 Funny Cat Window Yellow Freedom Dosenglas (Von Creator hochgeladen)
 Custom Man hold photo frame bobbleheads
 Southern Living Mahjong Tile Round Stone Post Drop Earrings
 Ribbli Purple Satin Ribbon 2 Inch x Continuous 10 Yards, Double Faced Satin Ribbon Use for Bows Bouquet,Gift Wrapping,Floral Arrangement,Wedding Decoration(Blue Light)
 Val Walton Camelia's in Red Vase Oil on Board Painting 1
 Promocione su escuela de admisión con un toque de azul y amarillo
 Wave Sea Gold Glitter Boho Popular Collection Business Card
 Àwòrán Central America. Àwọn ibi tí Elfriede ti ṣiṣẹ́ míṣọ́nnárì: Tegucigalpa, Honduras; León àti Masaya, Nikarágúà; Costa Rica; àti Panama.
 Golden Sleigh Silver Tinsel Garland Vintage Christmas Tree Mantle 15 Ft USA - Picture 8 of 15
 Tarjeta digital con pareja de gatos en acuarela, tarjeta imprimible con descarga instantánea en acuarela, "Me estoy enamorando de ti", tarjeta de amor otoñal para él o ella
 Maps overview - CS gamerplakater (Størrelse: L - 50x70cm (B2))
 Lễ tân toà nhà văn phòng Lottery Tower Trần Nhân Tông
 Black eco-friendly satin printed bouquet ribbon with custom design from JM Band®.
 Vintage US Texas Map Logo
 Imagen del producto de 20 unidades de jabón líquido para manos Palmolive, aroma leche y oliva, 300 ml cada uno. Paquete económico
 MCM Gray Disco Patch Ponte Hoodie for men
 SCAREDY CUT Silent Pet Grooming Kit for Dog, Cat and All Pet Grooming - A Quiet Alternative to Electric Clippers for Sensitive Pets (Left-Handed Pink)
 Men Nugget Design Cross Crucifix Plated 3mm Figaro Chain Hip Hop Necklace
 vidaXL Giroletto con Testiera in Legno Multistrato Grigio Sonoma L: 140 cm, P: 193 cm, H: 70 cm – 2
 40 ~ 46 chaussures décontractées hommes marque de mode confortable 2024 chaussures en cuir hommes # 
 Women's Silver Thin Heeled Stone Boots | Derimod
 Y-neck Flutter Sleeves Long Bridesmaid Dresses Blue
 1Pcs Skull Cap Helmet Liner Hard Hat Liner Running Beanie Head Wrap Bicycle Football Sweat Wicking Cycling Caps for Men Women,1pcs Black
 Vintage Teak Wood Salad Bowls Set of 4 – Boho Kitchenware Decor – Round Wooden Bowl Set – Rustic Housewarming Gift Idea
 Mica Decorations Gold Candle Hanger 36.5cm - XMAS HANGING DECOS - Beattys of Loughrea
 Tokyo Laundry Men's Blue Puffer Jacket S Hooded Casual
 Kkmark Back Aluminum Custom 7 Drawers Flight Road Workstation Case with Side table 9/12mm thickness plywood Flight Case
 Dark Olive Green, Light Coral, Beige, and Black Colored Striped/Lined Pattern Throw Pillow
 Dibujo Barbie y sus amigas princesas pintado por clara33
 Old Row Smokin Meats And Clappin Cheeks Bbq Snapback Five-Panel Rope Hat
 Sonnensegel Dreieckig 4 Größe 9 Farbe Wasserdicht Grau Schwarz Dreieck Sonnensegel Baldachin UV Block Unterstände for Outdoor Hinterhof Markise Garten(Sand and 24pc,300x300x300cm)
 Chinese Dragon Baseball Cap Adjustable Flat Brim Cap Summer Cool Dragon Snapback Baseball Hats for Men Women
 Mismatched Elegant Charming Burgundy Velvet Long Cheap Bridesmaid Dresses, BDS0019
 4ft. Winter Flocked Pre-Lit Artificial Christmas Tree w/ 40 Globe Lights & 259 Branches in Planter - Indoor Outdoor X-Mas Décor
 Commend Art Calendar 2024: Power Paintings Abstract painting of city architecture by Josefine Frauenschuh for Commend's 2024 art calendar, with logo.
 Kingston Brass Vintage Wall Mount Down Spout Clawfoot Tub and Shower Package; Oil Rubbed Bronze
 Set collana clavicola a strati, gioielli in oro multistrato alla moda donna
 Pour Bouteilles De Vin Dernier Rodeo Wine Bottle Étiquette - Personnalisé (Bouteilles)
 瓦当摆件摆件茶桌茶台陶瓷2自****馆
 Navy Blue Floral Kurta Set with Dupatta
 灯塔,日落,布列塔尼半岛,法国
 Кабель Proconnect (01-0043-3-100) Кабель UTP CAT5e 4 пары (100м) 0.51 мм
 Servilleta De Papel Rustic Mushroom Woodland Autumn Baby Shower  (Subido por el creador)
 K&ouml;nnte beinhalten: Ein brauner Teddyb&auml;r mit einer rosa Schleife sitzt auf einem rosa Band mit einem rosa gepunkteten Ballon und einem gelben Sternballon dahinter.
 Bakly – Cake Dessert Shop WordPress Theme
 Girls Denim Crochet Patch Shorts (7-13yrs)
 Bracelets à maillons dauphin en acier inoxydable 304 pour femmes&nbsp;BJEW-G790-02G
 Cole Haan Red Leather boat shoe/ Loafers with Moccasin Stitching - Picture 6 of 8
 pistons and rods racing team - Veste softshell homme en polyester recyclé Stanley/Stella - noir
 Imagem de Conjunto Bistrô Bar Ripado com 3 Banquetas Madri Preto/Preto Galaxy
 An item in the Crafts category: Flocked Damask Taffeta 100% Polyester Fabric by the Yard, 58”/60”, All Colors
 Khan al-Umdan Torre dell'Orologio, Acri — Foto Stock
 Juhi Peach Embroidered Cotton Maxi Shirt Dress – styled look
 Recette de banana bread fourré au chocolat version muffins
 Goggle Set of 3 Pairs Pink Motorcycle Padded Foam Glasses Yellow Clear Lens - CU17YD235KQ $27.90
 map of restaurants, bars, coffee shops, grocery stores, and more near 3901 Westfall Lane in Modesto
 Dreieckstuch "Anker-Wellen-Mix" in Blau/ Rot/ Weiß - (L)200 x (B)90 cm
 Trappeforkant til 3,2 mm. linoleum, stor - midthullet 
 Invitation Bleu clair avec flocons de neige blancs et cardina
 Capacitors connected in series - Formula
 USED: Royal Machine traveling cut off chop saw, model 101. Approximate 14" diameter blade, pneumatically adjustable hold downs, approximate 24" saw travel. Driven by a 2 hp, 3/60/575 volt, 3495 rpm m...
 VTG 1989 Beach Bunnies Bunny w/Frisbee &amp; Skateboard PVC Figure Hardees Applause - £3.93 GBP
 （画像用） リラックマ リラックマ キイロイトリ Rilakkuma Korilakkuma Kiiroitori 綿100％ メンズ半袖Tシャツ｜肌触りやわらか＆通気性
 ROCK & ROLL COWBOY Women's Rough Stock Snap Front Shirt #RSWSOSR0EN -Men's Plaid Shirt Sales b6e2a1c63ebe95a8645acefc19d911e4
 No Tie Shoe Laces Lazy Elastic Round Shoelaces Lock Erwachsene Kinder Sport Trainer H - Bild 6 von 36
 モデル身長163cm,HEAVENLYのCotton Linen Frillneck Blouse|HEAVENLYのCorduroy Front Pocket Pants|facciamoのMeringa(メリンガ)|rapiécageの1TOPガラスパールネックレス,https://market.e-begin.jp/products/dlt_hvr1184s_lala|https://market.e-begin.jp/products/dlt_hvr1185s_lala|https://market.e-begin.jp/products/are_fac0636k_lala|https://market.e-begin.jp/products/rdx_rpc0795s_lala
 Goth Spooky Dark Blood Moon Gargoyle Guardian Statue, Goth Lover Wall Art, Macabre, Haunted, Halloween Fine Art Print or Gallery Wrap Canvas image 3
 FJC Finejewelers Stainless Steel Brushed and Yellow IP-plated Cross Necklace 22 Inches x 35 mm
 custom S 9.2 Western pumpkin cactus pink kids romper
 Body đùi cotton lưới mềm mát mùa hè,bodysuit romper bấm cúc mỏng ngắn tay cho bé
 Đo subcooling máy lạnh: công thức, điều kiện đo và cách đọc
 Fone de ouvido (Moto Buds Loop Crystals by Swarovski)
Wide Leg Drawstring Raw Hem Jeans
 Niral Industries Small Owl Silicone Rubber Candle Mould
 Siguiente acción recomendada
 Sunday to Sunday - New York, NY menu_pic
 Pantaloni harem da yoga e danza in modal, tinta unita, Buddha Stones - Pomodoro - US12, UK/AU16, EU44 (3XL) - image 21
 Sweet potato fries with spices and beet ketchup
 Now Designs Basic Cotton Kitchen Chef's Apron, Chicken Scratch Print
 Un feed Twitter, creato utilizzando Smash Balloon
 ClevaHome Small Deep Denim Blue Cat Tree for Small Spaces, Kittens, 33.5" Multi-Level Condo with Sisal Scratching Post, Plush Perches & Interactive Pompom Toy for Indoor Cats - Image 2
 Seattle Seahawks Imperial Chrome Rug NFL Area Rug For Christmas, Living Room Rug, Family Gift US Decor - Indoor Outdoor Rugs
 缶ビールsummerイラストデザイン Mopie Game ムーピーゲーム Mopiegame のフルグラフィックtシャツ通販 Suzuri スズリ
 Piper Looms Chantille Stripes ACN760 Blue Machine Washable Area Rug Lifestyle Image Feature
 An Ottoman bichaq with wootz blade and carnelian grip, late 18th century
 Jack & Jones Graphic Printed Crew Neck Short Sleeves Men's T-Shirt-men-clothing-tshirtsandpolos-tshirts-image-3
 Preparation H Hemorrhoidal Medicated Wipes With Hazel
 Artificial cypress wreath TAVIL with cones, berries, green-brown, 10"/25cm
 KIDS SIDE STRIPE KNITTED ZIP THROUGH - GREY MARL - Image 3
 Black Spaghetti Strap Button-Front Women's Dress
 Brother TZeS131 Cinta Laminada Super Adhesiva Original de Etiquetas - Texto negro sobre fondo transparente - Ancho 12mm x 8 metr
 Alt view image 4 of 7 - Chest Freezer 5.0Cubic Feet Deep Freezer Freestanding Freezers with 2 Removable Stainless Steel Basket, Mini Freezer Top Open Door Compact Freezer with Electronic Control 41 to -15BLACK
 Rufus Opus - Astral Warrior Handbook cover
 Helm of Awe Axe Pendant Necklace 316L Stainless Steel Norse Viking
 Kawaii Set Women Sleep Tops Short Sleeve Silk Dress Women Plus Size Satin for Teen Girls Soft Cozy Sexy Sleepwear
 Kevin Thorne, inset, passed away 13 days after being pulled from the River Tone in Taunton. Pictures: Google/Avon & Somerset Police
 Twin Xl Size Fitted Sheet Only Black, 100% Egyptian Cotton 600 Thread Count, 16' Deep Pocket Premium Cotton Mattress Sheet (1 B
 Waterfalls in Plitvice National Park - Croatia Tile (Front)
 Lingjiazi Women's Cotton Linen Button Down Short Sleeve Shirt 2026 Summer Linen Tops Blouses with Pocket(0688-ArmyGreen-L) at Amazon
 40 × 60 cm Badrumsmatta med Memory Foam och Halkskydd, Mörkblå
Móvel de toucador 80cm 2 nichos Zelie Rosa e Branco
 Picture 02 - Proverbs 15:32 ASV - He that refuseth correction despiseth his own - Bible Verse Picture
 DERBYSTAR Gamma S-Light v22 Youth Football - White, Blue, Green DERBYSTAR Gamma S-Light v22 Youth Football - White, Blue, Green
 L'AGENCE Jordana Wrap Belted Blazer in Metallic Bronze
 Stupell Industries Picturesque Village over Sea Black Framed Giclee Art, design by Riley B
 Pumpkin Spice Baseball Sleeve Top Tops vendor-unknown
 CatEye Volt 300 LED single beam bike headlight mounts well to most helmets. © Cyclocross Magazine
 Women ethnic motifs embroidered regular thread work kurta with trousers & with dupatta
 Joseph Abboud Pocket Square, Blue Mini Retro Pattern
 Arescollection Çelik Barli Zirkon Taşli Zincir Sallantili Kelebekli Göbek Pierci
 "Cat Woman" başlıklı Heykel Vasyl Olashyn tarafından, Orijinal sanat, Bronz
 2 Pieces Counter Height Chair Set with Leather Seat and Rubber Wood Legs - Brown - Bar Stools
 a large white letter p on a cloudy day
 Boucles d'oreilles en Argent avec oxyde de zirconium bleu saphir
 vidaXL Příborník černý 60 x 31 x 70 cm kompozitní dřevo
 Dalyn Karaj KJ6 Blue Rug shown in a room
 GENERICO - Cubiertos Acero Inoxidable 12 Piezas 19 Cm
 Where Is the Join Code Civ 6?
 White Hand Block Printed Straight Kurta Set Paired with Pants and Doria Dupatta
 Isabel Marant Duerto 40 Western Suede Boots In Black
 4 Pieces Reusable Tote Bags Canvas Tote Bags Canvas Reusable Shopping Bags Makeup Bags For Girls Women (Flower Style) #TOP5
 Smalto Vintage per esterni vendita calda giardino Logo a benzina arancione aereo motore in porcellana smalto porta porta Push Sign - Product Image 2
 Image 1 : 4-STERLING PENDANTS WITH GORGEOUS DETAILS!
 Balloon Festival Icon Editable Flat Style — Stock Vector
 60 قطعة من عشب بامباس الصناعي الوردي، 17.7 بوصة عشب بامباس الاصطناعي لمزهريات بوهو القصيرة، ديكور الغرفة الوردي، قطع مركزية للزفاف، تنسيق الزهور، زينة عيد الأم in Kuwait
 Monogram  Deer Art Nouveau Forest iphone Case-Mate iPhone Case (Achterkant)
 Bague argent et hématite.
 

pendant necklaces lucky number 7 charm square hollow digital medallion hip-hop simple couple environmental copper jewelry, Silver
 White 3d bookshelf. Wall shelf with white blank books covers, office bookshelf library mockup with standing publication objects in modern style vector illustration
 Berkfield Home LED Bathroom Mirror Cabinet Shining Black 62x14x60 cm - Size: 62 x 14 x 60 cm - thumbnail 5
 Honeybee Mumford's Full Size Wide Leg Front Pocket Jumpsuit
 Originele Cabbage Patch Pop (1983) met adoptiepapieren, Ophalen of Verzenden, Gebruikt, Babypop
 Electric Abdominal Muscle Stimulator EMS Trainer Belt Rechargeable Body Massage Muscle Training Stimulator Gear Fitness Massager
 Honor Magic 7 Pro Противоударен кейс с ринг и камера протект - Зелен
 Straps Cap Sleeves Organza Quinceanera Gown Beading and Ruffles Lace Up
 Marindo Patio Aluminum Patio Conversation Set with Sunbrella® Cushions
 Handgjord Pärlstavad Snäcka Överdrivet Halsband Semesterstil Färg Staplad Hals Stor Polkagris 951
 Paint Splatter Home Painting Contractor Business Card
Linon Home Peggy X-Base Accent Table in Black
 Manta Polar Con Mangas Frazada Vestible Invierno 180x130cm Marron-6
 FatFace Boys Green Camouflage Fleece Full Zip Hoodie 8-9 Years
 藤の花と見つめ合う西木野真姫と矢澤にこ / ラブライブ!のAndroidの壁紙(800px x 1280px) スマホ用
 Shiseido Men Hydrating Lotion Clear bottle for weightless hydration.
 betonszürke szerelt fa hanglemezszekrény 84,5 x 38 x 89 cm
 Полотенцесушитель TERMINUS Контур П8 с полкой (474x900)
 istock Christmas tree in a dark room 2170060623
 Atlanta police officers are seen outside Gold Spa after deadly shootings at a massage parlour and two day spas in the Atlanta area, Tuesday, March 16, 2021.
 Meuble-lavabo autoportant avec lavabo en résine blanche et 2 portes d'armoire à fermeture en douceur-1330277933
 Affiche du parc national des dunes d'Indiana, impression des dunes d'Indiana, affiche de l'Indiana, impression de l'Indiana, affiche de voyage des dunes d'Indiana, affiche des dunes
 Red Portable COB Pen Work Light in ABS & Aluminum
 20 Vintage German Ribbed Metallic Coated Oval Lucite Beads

Task description | Among the lines above, find those with the string "romper" and copy them.

Finished task |
 custom S 9.2 Western pumpkin cactus pink kids romper
 Body đùi cotton lưới mềm mát mùa hè,bodysuit romper bấm cúc mỏng ngắn tay cho bé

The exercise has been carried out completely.